Your task: Copy word for word, please, the lines of the entries below running from the one containing "chaise de reunion" to the one containing "Women's Bodycon Ribbed", both ends included.

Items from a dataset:
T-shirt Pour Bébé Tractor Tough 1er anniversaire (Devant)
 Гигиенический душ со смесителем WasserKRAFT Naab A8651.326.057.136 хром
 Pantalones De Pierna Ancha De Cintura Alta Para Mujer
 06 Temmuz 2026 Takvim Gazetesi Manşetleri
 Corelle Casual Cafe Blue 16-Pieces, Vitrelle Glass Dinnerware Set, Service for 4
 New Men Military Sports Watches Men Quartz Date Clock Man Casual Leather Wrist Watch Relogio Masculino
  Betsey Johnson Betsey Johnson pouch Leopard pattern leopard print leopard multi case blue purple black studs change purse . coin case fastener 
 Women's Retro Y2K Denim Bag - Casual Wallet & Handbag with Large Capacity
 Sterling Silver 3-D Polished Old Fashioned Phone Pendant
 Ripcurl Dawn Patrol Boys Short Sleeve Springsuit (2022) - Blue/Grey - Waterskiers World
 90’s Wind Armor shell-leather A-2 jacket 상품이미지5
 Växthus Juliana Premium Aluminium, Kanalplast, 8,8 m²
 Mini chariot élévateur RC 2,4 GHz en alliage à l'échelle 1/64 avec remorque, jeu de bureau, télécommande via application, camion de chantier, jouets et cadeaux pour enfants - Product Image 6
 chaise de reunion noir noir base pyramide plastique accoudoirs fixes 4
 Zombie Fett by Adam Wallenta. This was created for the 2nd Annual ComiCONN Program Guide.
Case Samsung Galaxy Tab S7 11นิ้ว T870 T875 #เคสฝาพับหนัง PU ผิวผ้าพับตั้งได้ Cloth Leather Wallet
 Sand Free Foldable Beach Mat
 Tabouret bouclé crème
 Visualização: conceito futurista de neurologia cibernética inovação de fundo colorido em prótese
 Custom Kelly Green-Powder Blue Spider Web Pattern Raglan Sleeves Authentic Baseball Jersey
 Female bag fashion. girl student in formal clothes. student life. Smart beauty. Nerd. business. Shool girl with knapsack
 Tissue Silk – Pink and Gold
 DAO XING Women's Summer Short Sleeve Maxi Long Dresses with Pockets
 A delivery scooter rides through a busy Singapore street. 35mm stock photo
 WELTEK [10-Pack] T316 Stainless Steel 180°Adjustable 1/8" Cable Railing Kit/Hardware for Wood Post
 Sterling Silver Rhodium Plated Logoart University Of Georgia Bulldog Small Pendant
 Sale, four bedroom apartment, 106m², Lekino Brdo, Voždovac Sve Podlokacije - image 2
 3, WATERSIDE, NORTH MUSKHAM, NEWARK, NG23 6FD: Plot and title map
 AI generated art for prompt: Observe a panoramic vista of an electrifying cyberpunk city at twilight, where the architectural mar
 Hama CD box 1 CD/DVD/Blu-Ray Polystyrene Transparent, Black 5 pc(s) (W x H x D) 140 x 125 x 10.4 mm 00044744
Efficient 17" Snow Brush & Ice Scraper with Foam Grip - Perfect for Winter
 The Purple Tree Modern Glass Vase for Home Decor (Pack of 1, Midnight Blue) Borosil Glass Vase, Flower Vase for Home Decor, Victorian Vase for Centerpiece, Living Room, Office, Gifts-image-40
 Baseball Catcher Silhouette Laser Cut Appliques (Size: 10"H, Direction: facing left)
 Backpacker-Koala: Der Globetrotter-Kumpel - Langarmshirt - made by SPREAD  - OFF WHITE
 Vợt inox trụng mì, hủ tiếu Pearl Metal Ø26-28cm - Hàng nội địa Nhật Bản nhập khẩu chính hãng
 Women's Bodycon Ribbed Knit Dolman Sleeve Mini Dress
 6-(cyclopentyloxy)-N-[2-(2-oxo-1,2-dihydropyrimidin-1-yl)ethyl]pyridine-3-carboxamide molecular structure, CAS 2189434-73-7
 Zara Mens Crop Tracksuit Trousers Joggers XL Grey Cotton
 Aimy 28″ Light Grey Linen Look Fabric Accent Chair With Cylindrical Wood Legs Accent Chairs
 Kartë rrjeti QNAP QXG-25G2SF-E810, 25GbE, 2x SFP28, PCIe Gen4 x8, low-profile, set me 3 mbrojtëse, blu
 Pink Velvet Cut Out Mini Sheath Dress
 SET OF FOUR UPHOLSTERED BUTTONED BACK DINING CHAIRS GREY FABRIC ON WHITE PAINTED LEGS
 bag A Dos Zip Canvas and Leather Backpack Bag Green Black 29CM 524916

Answer box:
 chaise de reunion noir noir base pyramide plastique accoudoirs fixes 4
 Zombie Fett by Adam Wallenta. This was created for the 2nd Annual ComiCONN Program Guide.
Case Samsung Galaxy Tab S7 11นิ้ว T870 T875 #เคสฝาพับหนัง PU ผิวผ้าพับตั้งได้ Cloth Leather Wallet
 Sand Free Foldable Beach Mat
 Tabouret bouclé crème
 Visualização: conceito futurista de neurologia cibernética inovação de fundo colorido em prótese
 Custom Kelly Green-Powder Blue Spider Web Pattern Raglan Sleeves Authentic Baseball Jersey
 Female bag fashion. girl student in formal clothes. student life. Smart beauty. Nerd. business. Shool girl with knapsack
 Tissue Silk – Pink and Gold
 DAO XING Women's Summer Short Sleeve Maxi Long Dresses with Pockets
 A delivery scooter rides through a busy Singapore street. 35mm stock photo
 WELTEK [10-Pack] T316 Stainless Steel 180°Adjustable 1/8" Cable Railing Kit/Hardware for Wood Post
 Sterling Silver Rhodium Plated Logoart University Of Georgia Bulldog Small Pendant
 Sale, four bedroom apartment, 106m², Lekino Brdo, Voždovac Sve Podlokacije - image 2
 3, WATERSIDE, NORTH MUSKHAM, NEWARK, NG23 6FD: Plot and title map
 AI generated art for prompt: Observe a panoramic vista of an electrifying cyberpunk city at twilight, where the architectural mar
 Hama CD box 1 CD/DVD/Blu-Ray Polystyrene Transparent, Black 5 pc(s) (W x H x D) 140 x 125 x 10.4 mm 00044744
Efficient 17" Snow Brush & Ice Scraper with Foam Grip - Perfect for Winter
 The Purple Tree Modern Glass Vase for Home Decor (Pack of 1, Midnight Blue) Borosil Glass Vase, Flower Vase for Home Decor, Victorian Vase for Centerpiece, Living Room, Office, Gifts-image-40
 Baseball Catcher Silhouette Laser Cut Appliques (Size: 10"H, Direction: facing left)
 Backpacker-Koala: Der Globetrotter-Kumpel - Langarmshirt - made by SPREAD  - OFF WHITE
 Vợt inox trụng mì, hủ tiếu Pearl Metal Ø26-28cm - Hàng nội địa Nhật Bản nhập khẩu chính hãng
 Women's Bodycon Ribbed Knit Dolman Sleeve Mini Dress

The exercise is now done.